You can reach Madrid by direct train from any major Spanish city apart from Lisbon (9 hours) and Marseille (7 hours). All kinds of train; long distance, mid distance, high speed as well as suburban trains come in to the Chamartin and Atocha stations…the city is a hub of the Renfe network.
Incidentally the MAD airport is the biggest airport in Europe (there are 4 terminals) and it is a conveyance hub for the Iberian Peninsula and Barajas district.
There are two convenient and affordable options right from the airport gate to city….take the express bus (it leaves every 12 minutes during daytime) or take metro line 8 that takes you inside the city. Taxis are also found outside the airport. The best thing about Madrid transport system is that it’s integrated….metro, trams and buses and trains (even suburban ones) are under one transport network called CTM. You can use the CTM official website to get all relevant information about public transport in Madrid.
It’s advisable to buy Metrobus travel cards (Billete turistico) that allows extensive use of metros and buses in urban Madrid…for suburban cercanias (local trains) you need to buy separate tickets.
There are a number of tourist trains that will take you to the most scenic places around Madrid like the Philip II train (to San Lorenzo Escorial), Cervantes train, the vintage locomotive drawn Arganda train and the strawberry train to Aranjuez.
Getting around on the principal streets is easy with buses and they run right from 6 a.m. to 11.30 p.m. most bus stops have extensive route charts and time tables and you can even board buses with folding bicycles. There are an army of night buses that run from the Plaza de Cibeles square to various points and you can distinguish them by the large “N” that’s pasted on the front. These run till 6 a.m. so you can basically explore the city all night.

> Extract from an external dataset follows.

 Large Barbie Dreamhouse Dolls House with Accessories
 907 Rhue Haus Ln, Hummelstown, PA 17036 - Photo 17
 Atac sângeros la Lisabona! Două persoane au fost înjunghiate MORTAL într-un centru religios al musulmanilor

For the record Madrid has aced the war against pollution by running hydrogen run buses…recognise them by their blue color.

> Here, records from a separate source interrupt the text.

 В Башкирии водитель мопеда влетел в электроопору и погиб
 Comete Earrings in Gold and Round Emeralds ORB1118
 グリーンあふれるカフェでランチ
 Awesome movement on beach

Metro underground has over 300 stations and runs from 6 a.m. to 1.30 a.m. There are 13 lines and the maps at stations have multilingual options besides being color coded so it won’t be difficult to understand. Metro trams have only 4 lines; Colonia Jardin To Estacion Aravaca, Pinar De Chamartin To Las Tablas, Colonia Jardin To Puerta De Boadilla and a circular line tranvia de Parla.

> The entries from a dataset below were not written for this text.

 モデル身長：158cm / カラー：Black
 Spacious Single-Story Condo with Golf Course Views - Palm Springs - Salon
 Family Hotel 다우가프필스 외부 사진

You can order taxis using the radio taxi service and from the umpteen taxi stands but you can only hail them when the green lights are on. In Madrid taxi rates aren’t cheap…there are extra charges for night runs, holidays, airport service etc.
Madrid has tourist focused open topped hop on hop off buses that will take you around most of the interesting landmarks and attractions of the city. You might find yourself hopping off to explore some fascinating aspect and then never getting on that bus…that’s what Madrid does to you.
Weather And When To Go
Summers can be quite hot in Madrid and often the Celsius touches 40 degree C but it’s not humid and so roaming around on the streets isn’t a torture. One of the highest altitude capital cities of Europe, Madrid has non humid cold weather in January-December. There is winter sunshine in the mornings, hotel rates are low and its sale time in shops. The Celsius may dip below freezing point but it hardly ever snows.
Ideally, late spring and early fall are the best climate-wise to visit Madrid. October-November sees the autumn festival, three king’s day, Madrid Carnival and Gastrofestival happen in Jan-February while April to May sees a slew of events like Dos del Mayo, Madrid Marathon, Feria del Libro and Fiesta de San Isidro. August is perhaps the only avoidable month….most locals (café owners and restaurant owners too) take a month off to holiday.